# [TASK REQUIREMENTS]
Begin the copy at the line containing "Starfish by OceanviewHotTubs" in the data below and end it at the line containing "18P Radka gets some snaps of her underwater", keeping each line exact and leaving out pictures.

SUPPLIED DATA below:

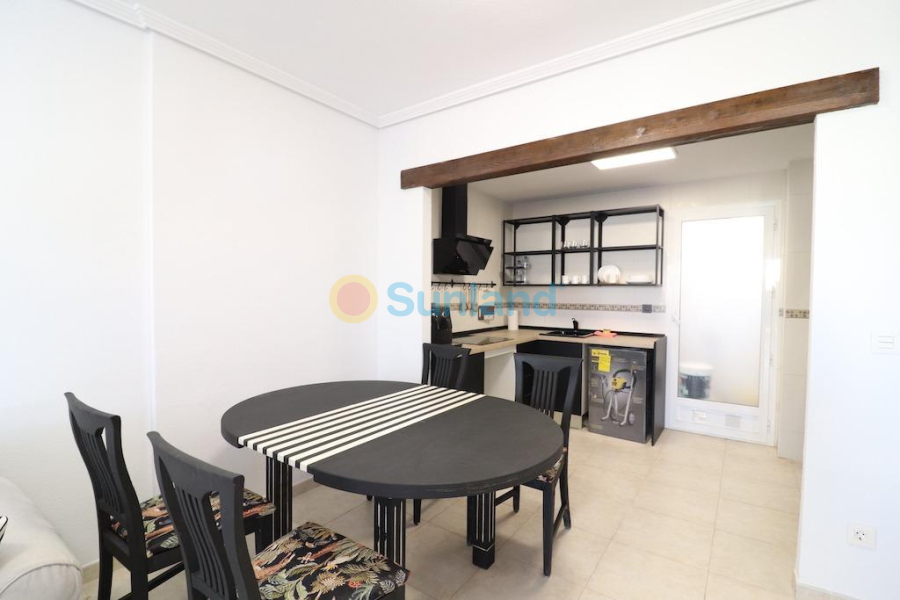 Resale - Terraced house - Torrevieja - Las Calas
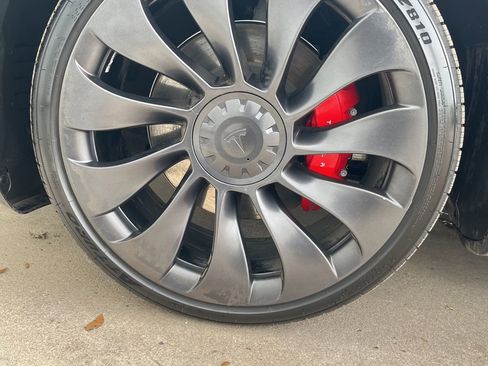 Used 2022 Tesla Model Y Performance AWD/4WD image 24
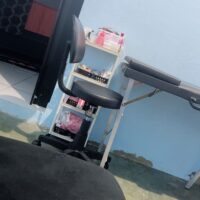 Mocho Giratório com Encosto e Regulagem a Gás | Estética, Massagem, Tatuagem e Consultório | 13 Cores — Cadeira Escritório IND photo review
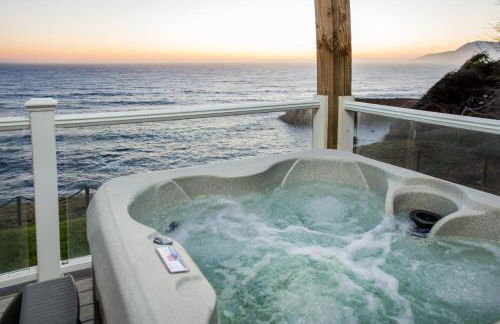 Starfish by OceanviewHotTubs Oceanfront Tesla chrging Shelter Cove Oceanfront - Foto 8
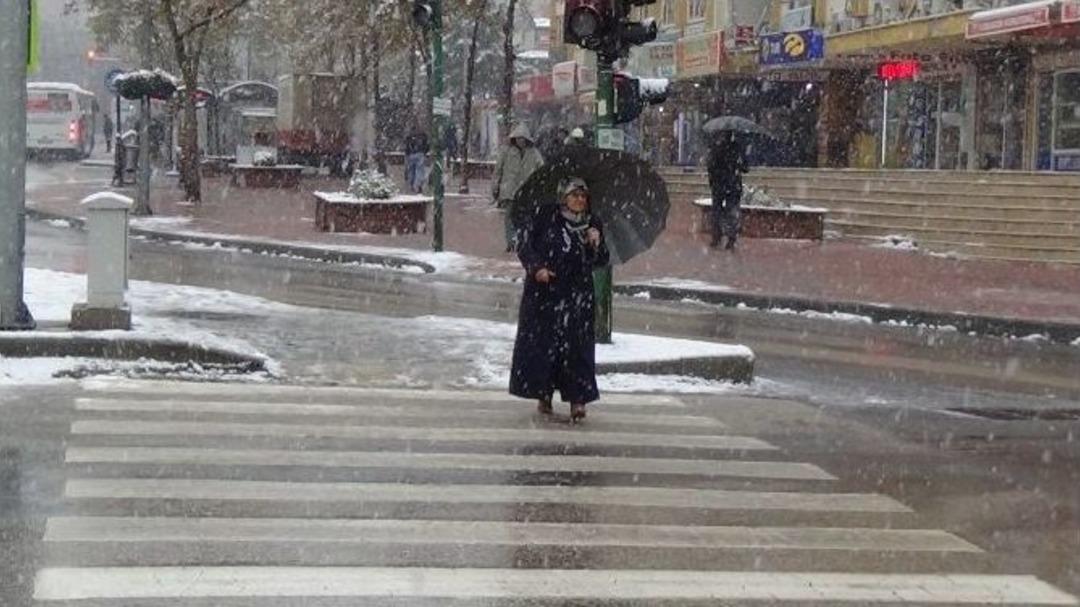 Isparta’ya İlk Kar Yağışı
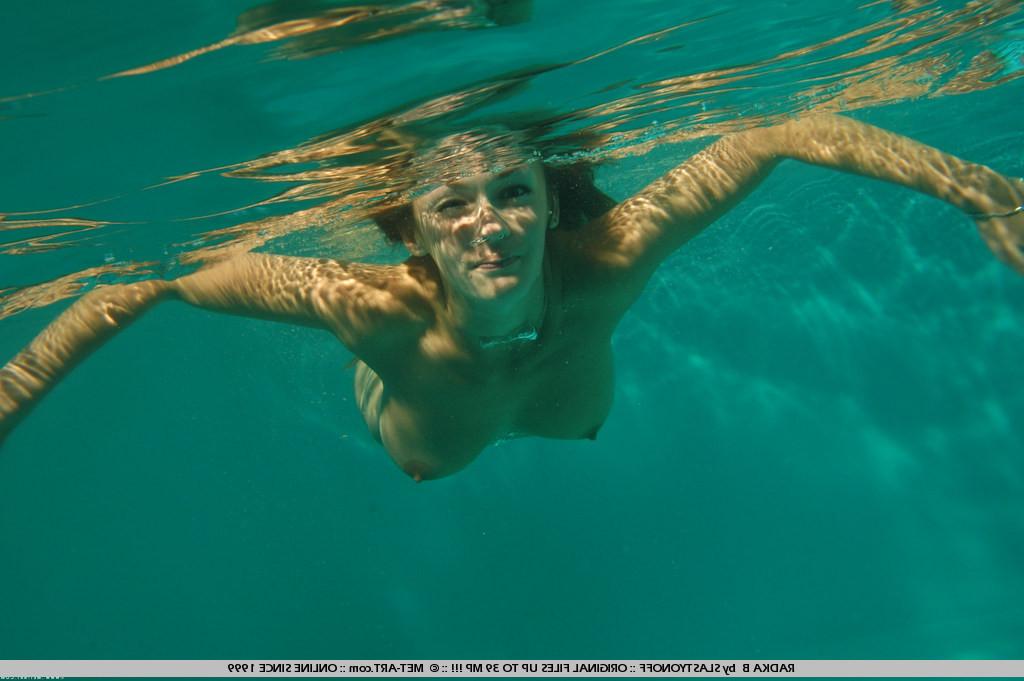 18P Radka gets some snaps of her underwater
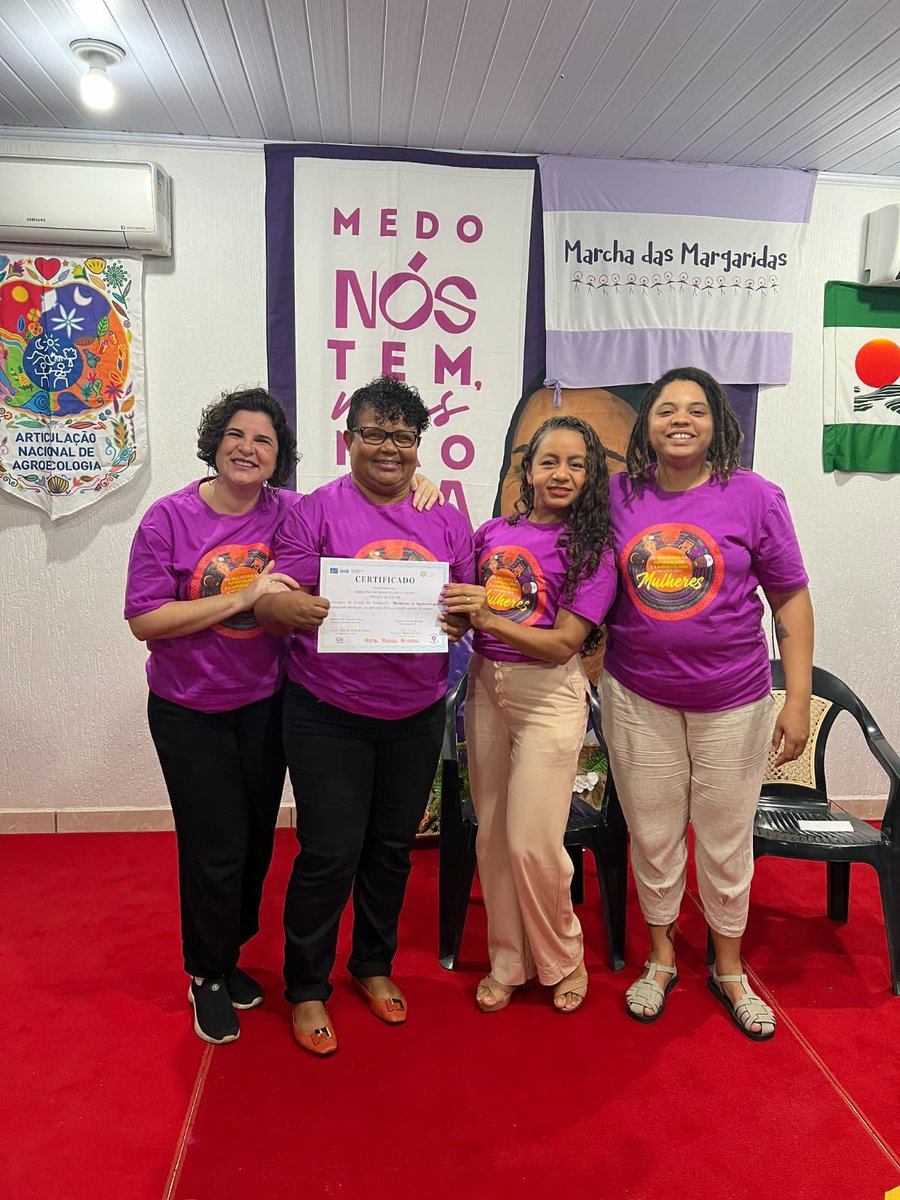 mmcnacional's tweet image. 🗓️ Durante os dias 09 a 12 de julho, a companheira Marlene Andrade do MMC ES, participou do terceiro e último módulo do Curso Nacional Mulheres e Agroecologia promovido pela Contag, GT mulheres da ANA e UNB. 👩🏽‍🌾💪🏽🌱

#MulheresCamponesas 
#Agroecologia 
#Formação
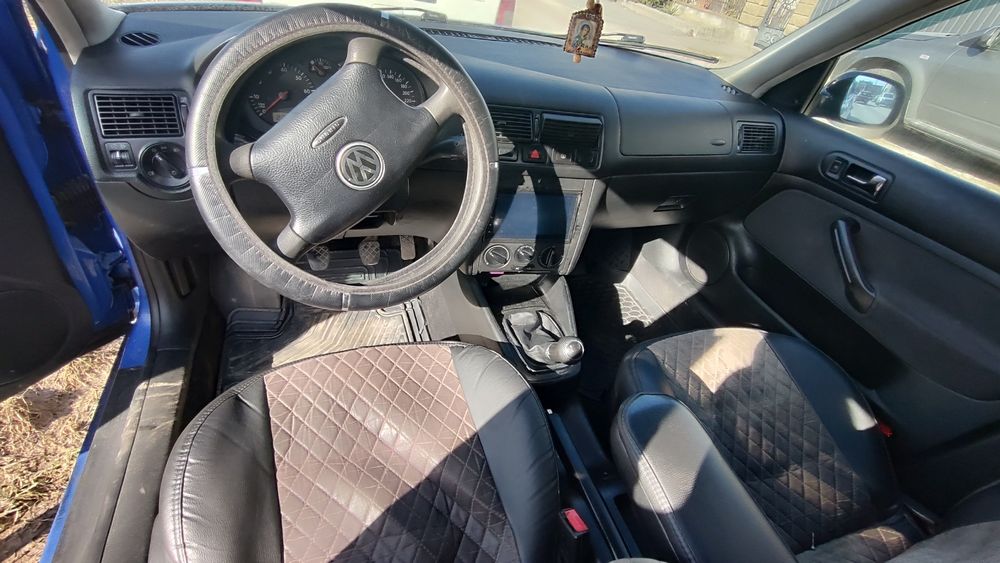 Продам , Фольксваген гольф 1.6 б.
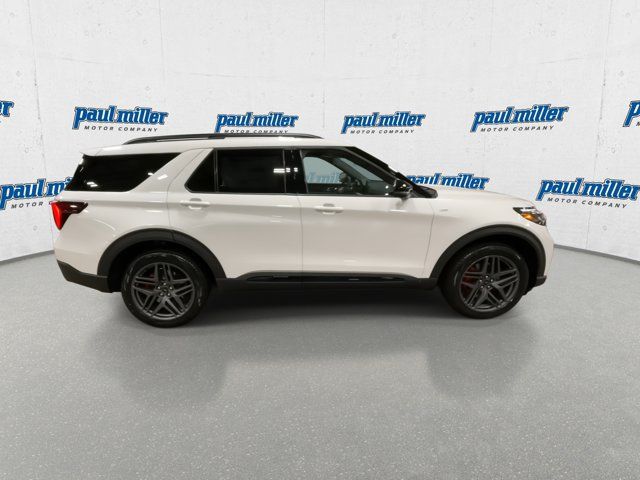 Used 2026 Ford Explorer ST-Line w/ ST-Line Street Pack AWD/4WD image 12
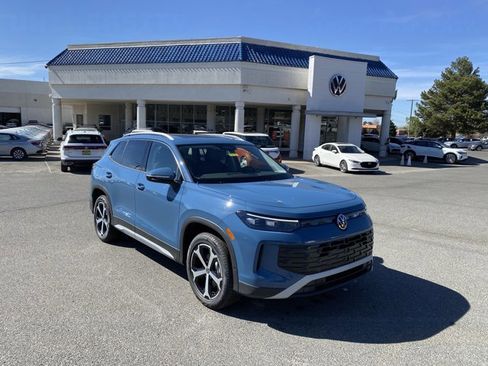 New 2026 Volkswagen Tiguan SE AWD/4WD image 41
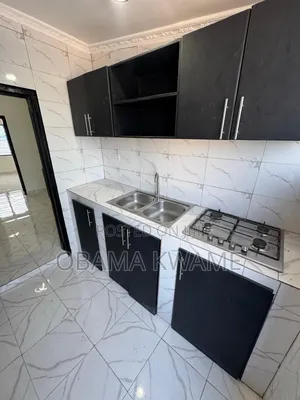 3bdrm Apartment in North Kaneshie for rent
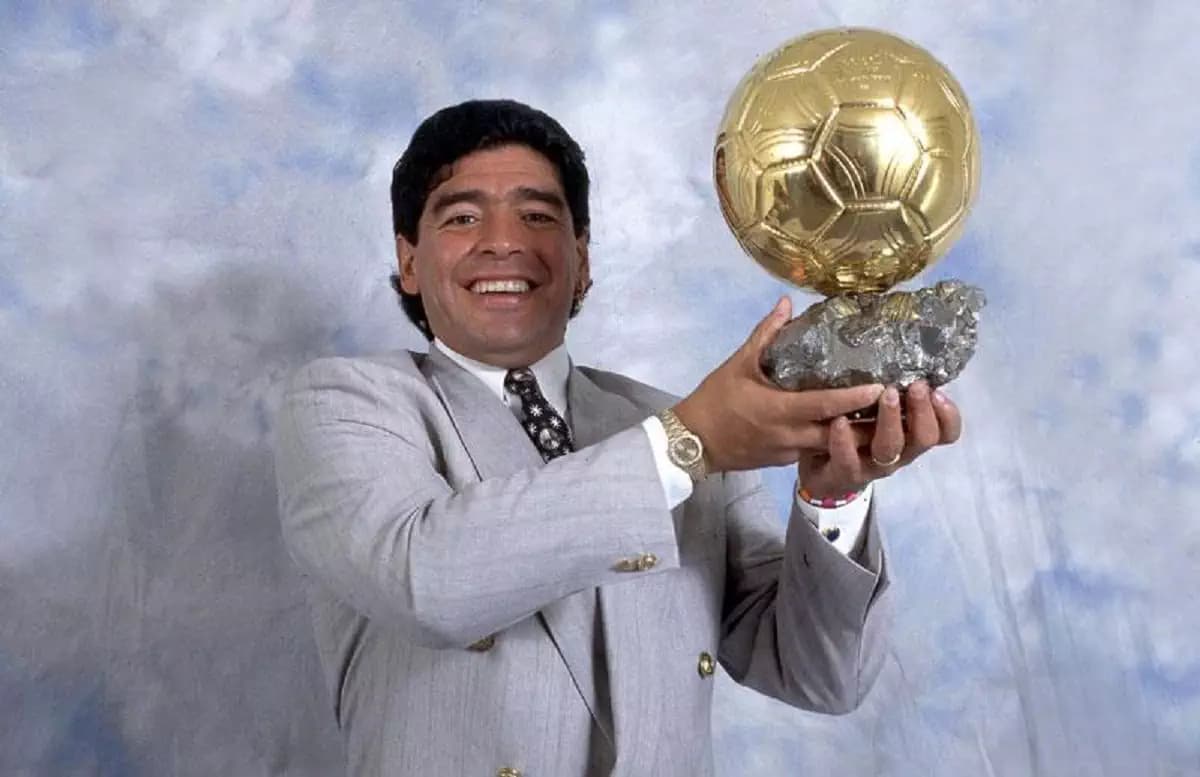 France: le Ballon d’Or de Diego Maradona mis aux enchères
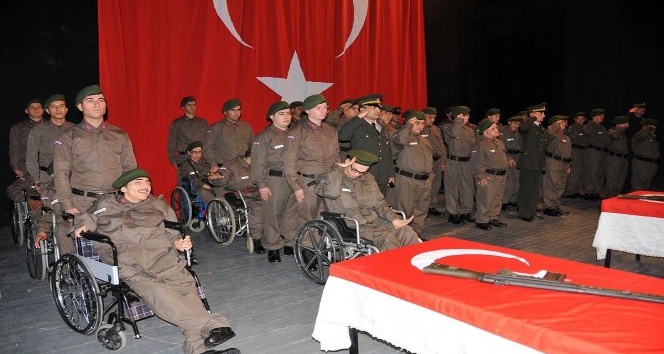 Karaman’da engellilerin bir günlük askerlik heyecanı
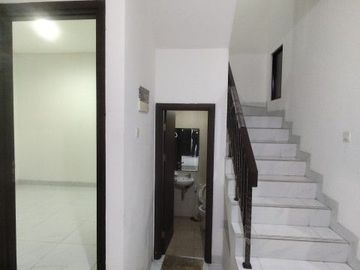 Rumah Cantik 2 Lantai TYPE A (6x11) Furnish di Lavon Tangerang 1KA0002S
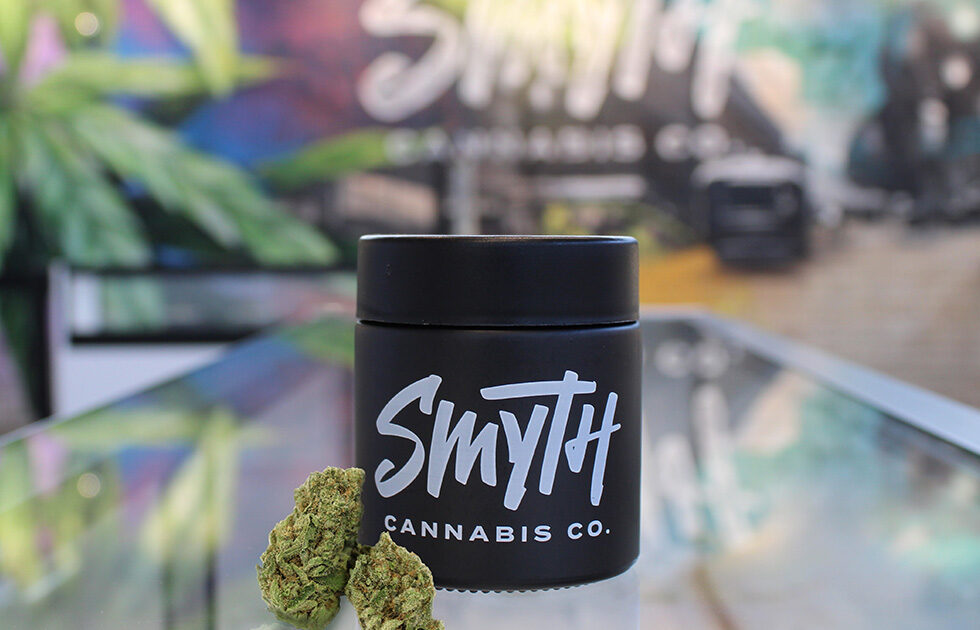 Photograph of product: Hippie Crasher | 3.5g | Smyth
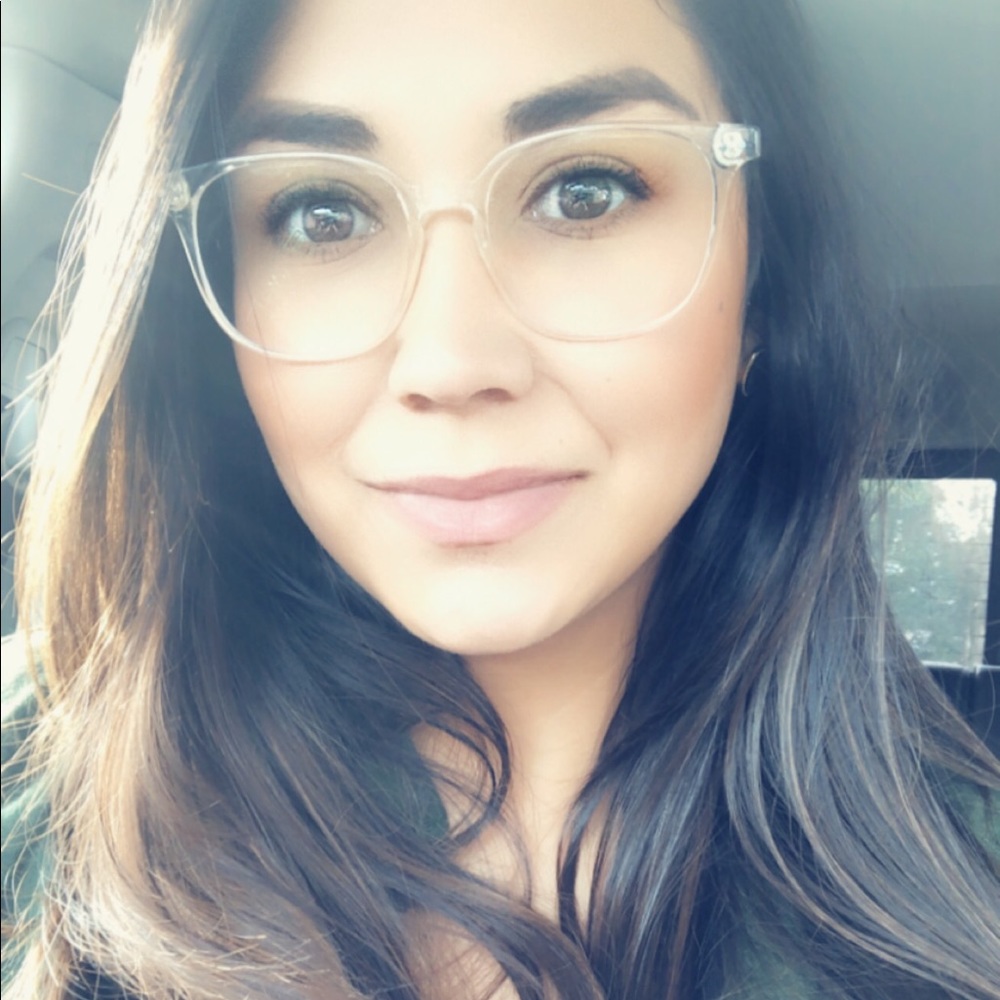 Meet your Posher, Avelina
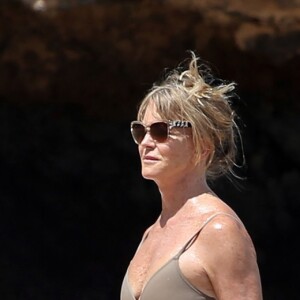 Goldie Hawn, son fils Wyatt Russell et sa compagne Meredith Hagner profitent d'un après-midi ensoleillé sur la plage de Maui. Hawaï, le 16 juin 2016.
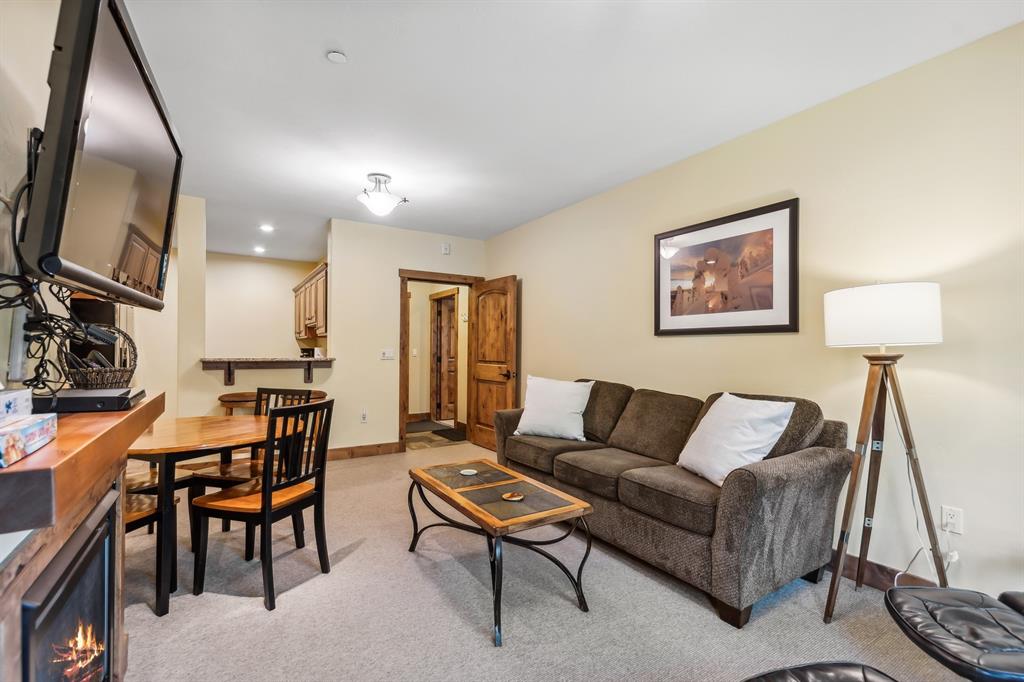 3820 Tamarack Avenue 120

End of SUPPLIED DATA.

# [RESULT OF THE EXERCISE]
 Starfish by OceanviewHotTubs Oceanfront Tesla chrging Shelter Cove Oceanfront - Foto 8
 Isparta’ya İlk Kar Yağışı
 18P Radka gets some snaps of her underwater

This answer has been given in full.